Following the successful appeal, the Appellant’s co-defendant was discharged, but the Court of Appeal ordered that the Appellant should face a retrial.  He is appealing this decision to the Supreme Court. Due to the potential retrial, Hooper LJ placed reporting restrictions on the hearing, preventing publication of the arguments advanced before the Court.  There was a report of the appeal decision in the Yorkshire Evening Post which gives some of the background.  The Court’s judgment has not been made public either, but the Supreme Court case summary indicates that the issue in the appeal is ‘Whether the Court of Appeal can order a retrial having quashed a conviction on the grounds of serious executive or prosecutorial misconduct, and if so, in what circumstances.’ The summary indicates that

‘An investigation by the Criminal Cases Review Commission into the West Yorkshire police investigation revealed serious police and prosecutorial misbehaviour, and the case was referred to the Court of Appeal in November 2008. The Respondent accepted at that stage that the convictions were unsafe, and that had the Court of Appeal been aware in 1999 of the benefits promised by police officers to the key witness the convictions would have been quashed then and a retrial would not have been ordered. The Appellant would have been released in 1999.’

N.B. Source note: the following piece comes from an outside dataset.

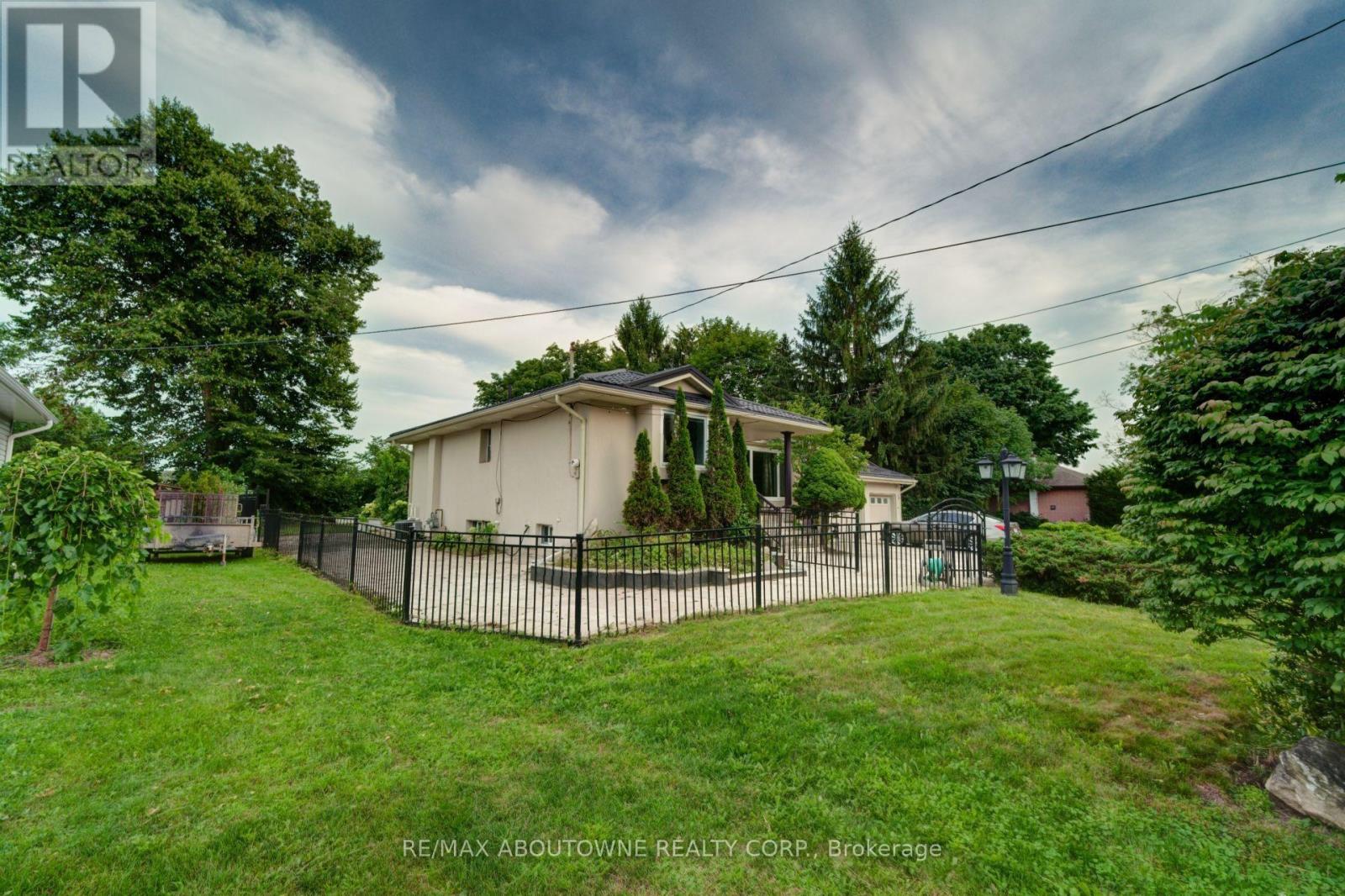178 Carlisle Road, Hamilton, Ontario L0R 1H2 - Photo 3 - X13671266
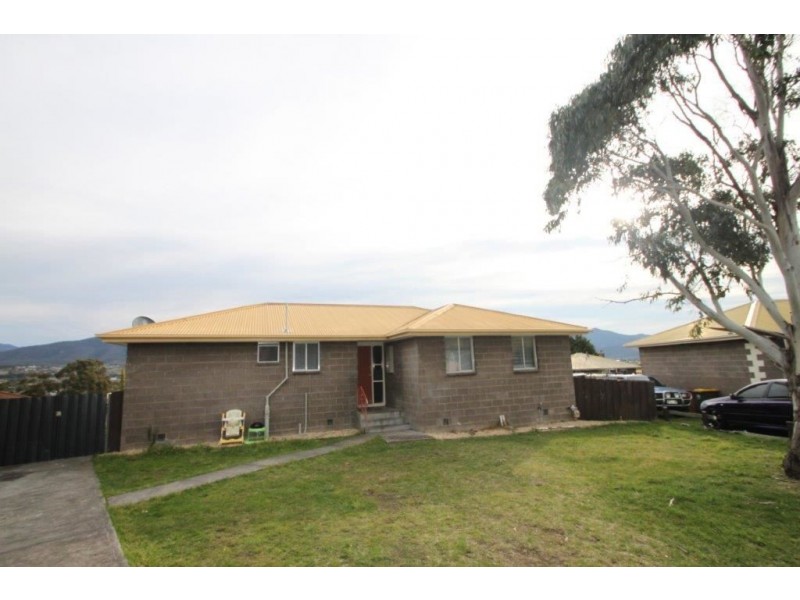 79 Lamprill Circle, Herdsmans Cove TAS 7030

It is not clear why the Court of Appeal considered that a retrial is appropriate in 2010, if the prosecution accepted that it would not have been appropriate in 1999. In any event, it will be interesting to see how the Supreme Court approaches the question of whether a person should be placed at risk of conviction a second time, when their first conviction was procured by misconduct on the part of the police and prosecution. There are strong public interest arguments in favour of denying the state a second chance to prosecute in such circumstances, however serious the offence.